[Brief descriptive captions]
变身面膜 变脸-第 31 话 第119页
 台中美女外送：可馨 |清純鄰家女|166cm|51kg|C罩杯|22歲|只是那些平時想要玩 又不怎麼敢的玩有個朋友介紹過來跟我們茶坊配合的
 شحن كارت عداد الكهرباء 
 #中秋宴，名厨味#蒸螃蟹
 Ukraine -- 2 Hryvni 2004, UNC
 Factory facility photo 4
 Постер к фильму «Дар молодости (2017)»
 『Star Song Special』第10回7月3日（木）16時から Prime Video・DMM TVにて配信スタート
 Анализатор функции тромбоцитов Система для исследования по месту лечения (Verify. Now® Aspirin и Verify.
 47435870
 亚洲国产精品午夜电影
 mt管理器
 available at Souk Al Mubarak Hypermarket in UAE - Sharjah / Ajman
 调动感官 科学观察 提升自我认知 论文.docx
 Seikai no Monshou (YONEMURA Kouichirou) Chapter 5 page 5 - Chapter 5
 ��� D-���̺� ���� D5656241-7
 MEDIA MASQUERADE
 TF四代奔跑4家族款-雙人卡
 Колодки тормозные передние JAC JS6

TASK TO CARRY OUT> Quote all of the entries exactly as they appear.

SOLUTION>
变身面膜 变脸-第 31 话 第119页
 台中美女外送：可馨 |清純鄰家女|166cm|51kg|C罩杯|22歲|只是那些平時想要玩 又不怎麼敢的玩有個朋友介紹過來跟我們茶坊配合的
 شحن كارت عداد الكهرباء 
 #中秋宴，名厨味#蒸螃蟹
 Ukraine -- 2 Hryvni 2004, UNC
 Factory facility photo 4
 Постер к фильму «Дар молодости (2017)»
 『Star Song Special』第10回7月3日（木）16時から Prime Video・DMM TVにて配信スタート
 Анализатор функции тромбоцитов Система для исследования по месту лечения (Verify. Now® Aspirin и Verify.
 47435870
 亚洲国产精品午夜电影
 mt管理器
 available at Souk Al Mubarak Hypermarket in UAE - Sharjah / Ajman
 调动感官 科学观察 提升自我认知 论文.docx
 Seikai no Monshou (YONEMURA Kouichirou) Chapter 5 page 5 - Chapter 5
 ��� D-���̺� ���� D5656241-7
 MEDIA MASQUERADE
 TF四代奔跑4家族款-雙人卡
 Колодки тормозные передние JAC JS6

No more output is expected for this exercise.